Enter the constitutional lawyers. A prohibition on amending legislation was not a prohibition on rejecting it outright, they have ruled. It’s a bit like having a heritage rule that says you cannot alter an historic house and lawyers saying that means you can knock the house down. Absurd. And now we live with the consequences.
If our Constitution has been drafted after 1911, the drafters would have been alert to the possibility of an Upper House rejecting money bills and would have made it absolutely clear that it could not – rather than just assuming it. They were alert to the US practice of tacking and met it squarely.
The power of the Senate is one of the most destabilising elements of our federation. The conventions that it should not knock back appropriation for the ordinary services of government were breached in 1975. That convention seems to have been restored in the past quarter century, but the general veniality of party politics means that circumstances could easily arise again when a Senate forces a government to an election. There does not seem to be a convention that money measures will pass. There should be. NSW has made that change in its Constitution.
The federal Constitution is broke on this. It should be fixed. And so should the capacity of the Senate to block a Government’s legislative program no matter how many times a Government gets re-elected on that platform, unless the Government goes through the disruptive process of a double dissolution. Double dissolutions are more disruptive than ordinary elections because after them senators’ terms are dated from the previous July (instead of the next July). This usually results in the need for a shorter-than-usual term for the House if the subsequent election is to be held simultaneously. Moreover, a double dissolution means 12 senators are elected from each state instead of six, which usually results in an over-representation of minor parties.

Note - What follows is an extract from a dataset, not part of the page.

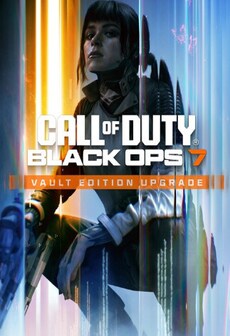 Call of Duty: Black Ops 7 - Vault Edition Upgrade (Xbox Series X/S, PC) - Xbox Live Key - GLOBAL  [Email/Instant Delivery]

It is difficult, though, to imagine the Senate agreeing to any change without some commensurate reduction in the power of the Executive Government.
After 1975 it was always the aggrieved Labor party that wanted a change to the Senate’s power, and the Liberals resisted. But the Liberals but be goaded into supporting change if Labor is silly enough to push ahead with its blocking of key tax measures and measures that the Government has gone to the people with again and again in fine legislative detail.
You could get a trade-off. The Senate loses its power to block money Bills potentially sending the House of Representatives to an election and in return the Government loses its power to call a double dissolution, thus sending the Senate to an early election. The Government loses its power to set election dates and the terms are fixed (as in the US). In return, if the Senate rejects legislation, that legislation could be taken directly to the people at the next election either as a referendum or be allowed through after the election on the say-so of the lower house only.
The Senate would still have its formidable investigative powers and still review legislation highlighting weakness to the public and the Government. It could only delay legislation until the next election, or indefinitely if there is a change of Government, but we would end these damaging stand-offs which threaten the stability of the Government or its capacity to run the finances of the nation responsibly.